The formation of gas giants such as Jupiter and Saturn has been a long standing problem in astronomy, now, with the aid of Europe's fastest supercomputer at CSCS and nine months running time on hundreds to several thousands of computing cores, researchers show that a planets temperature could be the giveaway as to how they evolved.
At present there are two main theories as to how gaseous giant planets could be born, either via ‘core-accretion,’ or from ‘disk instability.’ In the first scenario a solid core roughly ten times the size of the Earth is formed through the aggregation of smaller solids. This core is then massive enough to attract a significant amount of gas and keep hold of it.
In the second scenario, in a similar manner to how stars are formed, a massive gaseous disk around a young star collapses due to self-gravity of the gas-dust in the disk. During this process, spiral arms form with clumps inside which in turn collapse via their own gravity directly into a gaseous planet. In both cases, a disk forms around the gas-giants, called the circumplanetary disk, which will serve as a sort-of birth-nest for fledgling planets to form.
To ascertain which mechanism is the most likely, a team of Swiss astronomers used the Swiss National Supercomputing Centre (CSCS) in Lugano to simulate both scenarios. "We pushed our simulations to the limits in terms of the complexity of the physics added to the models," explains Judit Szulágyi, a professor at the University of Zürich, and lead author of two research papers detailing these studies, “and we achieved higher resolution than anybody before."
Through the simulations, it became apparent that one particular feature could be used to distinguish between the two theories - temperature.

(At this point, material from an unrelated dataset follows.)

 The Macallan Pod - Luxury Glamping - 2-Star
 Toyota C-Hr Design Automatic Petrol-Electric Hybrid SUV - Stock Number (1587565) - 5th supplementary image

For the case of core accretion, the circumplanetary disk was heated to several hundreds of Kelvins whereas for the disk instability scenario, the gas in the planet's vicinity remained very cold, around 50 Kelvins. "The disk instability simulations are the first that can resolve the circumplanetary disk around multiple protoplanets, using tens of millions of resolution elements in the computational domain,” adds Lucio Mayer, one of the authors on the paper.
Luckily, this huge temperature difference should be easily observable. "When astronomers look into new forming planetary systems, just measuring the temperatures in the planet's vicinity will be enough to tell which formation mechanism built the given planet," explains Szulágyi. It was also previously thought that the mass of the circumplanetary disk that feeds the growing gas giant must be different for the two different formation scenarios, however, these simulations showed that this is not the case and that the masses of the disk are not so diverse after all.
If that wasn’t enough, then the results also showed that how scientists calculate the size of a newly born planet could be misleading. The computer simulations for the core accretion scenario showed that gas falling on the disk from the outside heats up and creates a very luminous shock front on the disk's upper layer. This alters the observational appearance of young, forming planets, sufficiently enough to overestimate a planet's mass by up to four times its actual size.
"When we see a luminous spot inside a circumplanetary disk, we cannot be sure whether we see the planet luminosity, or also the surrounding disk luminosity," says Szulágyi. "So maybe an observed planet has only the same mass as Saturn instead of some Jupiter masses.”
Despite these positive results, challenges still remain. Simulations of disk instability still do not cover a long enough timescale and it is possible that after the protoplanet has collapsed to the density of a planet like Jupiter, its disk will heat up more like it is undergoing core-accretion. It will take even longer computationally expensive simulations with a richer description of the physics to take scientists to the next step in understanding this problem.